Pattern: Claude Code as sub-agent caller
Within a Claude Code session backed by GLM, you can spawn Claude Code subprocesses pointed at the same Z.ai backend:
import subprocess
result = subprocess.run(
["claude", "-p", "Implement the data validation layer"],
env={
**os.environ,
"ANTHROPIC_AUTH_TOKEN": os.getenv("ZAI_API_KEY"),
"ANTHROPIC_BASE_URL": "https://api.z.ai/api/anthropic",
"API_TIMEOUT_MS": "3000000"
},
capture_output=True, text=True, timeout=300
)
print(result.stdout)
LiteLLM Integration (Multi-Provider Orchestration)
LiteLLM provides a unified interface for routing across providers.

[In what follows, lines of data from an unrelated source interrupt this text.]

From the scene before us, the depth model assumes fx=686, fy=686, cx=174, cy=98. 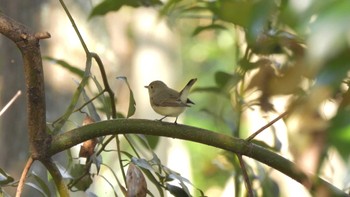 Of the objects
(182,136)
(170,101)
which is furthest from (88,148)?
(170,101)

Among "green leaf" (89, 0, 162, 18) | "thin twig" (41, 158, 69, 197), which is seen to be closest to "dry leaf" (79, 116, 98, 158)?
"thin twig" (41, 158, 69, 197)

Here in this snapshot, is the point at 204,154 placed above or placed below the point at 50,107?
below

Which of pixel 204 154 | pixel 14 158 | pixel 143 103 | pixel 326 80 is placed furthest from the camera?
pixel 204 154

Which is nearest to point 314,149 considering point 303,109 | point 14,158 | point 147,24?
point 303,109

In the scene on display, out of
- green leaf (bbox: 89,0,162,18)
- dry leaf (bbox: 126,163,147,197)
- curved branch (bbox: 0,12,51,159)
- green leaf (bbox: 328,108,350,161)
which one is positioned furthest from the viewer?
green leaf (bbox: 89,0,162,18)

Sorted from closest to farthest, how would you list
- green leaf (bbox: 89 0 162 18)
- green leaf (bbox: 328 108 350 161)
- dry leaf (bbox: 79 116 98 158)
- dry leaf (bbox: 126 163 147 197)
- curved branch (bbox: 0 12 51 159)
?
1. green leaf (bbox: 328 108 350 161)
2. curved branch (bbox: 0 12 51 159)
3. dry leaf (bbox: 126 163 147 197)
4. dry leaf (bbox: 79 116 98 158)
5. green leaf (bbox: 89 0 162 18)

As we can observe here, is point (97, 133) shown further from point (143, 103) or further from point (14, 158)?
point (143, 103)

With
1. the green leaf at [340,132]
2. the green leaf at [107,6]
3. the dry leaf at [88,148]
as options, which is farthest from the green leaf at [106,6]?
the green leaf at [340,132]

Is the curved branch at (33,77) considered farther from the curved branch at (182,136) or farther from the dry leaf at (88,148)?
the dry leaf at (88,148)

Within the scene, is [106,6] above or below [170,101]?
above

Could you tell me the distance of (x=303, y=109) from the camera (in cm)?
22

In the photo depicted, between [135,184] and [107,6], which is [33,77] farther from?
[107,6]

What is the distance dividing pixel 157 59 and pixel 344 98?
250 centimetres

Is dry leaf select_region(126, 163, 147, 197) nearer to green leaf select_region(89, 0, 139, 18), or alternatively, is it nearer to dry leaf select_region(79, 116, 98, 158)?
dry leaf select_region(79, 116, 98, 158) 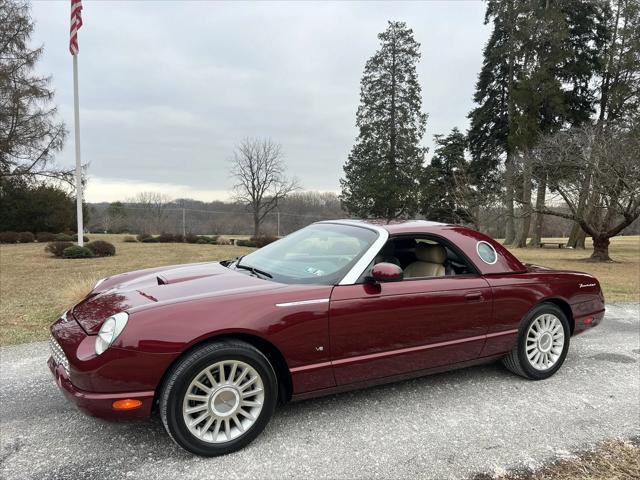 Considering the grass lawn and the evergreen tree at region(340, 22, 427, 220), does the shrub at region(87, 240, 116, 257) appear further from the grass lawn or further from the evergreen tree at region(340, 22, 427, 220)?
the evergreen tree at region(340, 22, 427, 220)

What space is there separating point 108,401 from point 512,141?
31.3 metres

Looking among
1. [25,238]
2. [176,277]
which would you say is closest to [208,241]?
[25,238]

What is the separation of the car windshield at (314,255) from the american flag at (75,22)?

Prefix Z.ai models with zai/:
import litellm
# Route to Z.ai GLM
response = litellm.completion(
model="zai/GLM-4.7",
messages=[{"role": "user", "content": "Implement error handling."}],
api_key=os.getenv("ZAI_API_KEY")
)
# Fallback: try GLM-5.1 first, fall back to GLM-4.7
response = litellm.completion(
model="zai/GLM-5.1",
messages=[{"role": "user", "content": "Solve this hard bug."}],
api_key=os.getenv("ZAI_API_KEY"),
fallbacks=["zai/GLM-4.7"]
)
Reasoning Effort Levels (geoh wrapper)
The reasoningEffort field in .zai.json maps to model thinking depth:
| Value | Use Case |
|---|---|
auto | Let model decide |
low | Simple tasks, fast response |
medium | Balanced (default) |
high | Complex reasoning, architecture |
max | Maximum — most quota intensive |
Windows Notes
| Shell | Wrapper | Limitations |
|---|---|---|
| Git Bash | z / glm | Full functionality, status line works |
| PowerShell | z.ps1 / glm.ps1 | Core features, no status line |
| CMD | z.cmd / glm.cmd | Core features, no status line |
Status line requires bash + stdin piping. On Windows, use Git Bash for full experience.
Requires jq installed and on PATH for JSON processing in wrapper scripts.